**Exercise details**
The data that follows must be transcribed in full and exactly, minus the pictures.

**Recorded data**
-- -- --

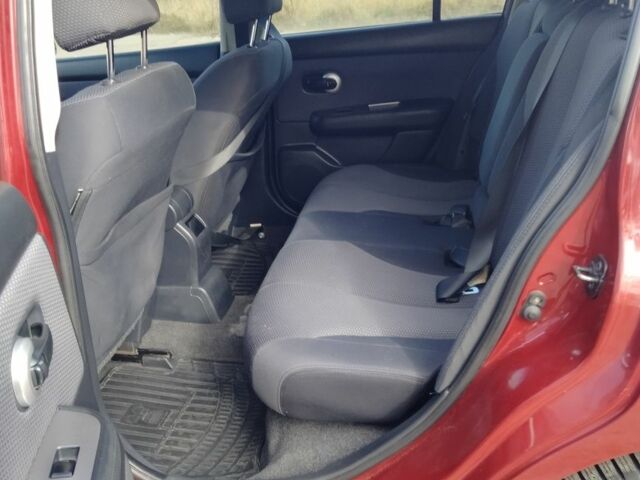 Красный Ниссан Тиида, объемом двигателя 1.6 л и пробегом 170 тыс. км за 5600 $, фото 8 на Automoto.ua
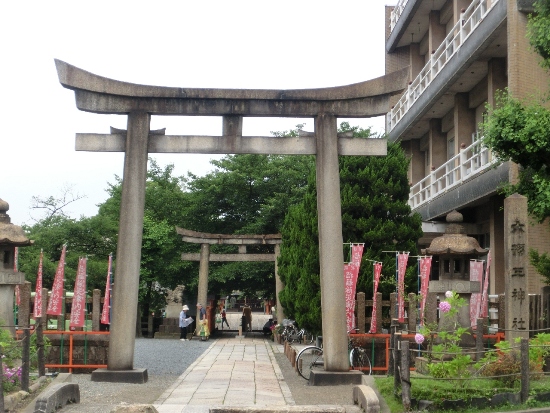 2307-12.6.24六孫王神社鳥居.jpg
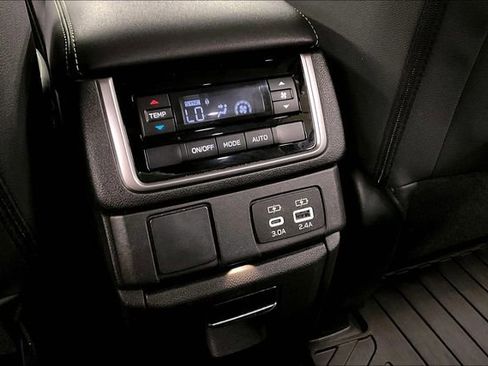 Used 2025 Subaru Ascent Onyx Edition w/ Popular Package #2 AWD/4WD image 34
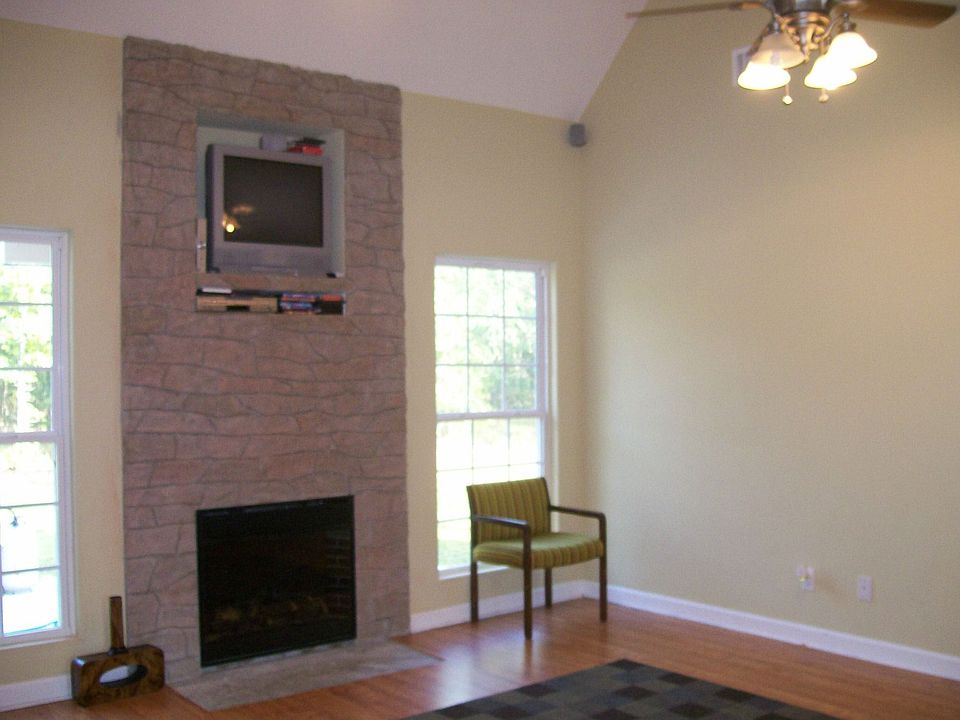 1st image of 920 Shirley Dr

-- -- --

**Solution to the exercise**
 Красный Ниссан Тиида, объемом двигателя 1.6 л и пробегом 170 тыс. км за 5600 $, фото 8 на Automoto.ua
 2307-12.6.24六孫王神社鳥居.jpg
 Used 2025 Subaru Ascent Onyx Edition w/ Popular Package #2 AWD/4WD image 34
 1st image of 920 Shirley Dr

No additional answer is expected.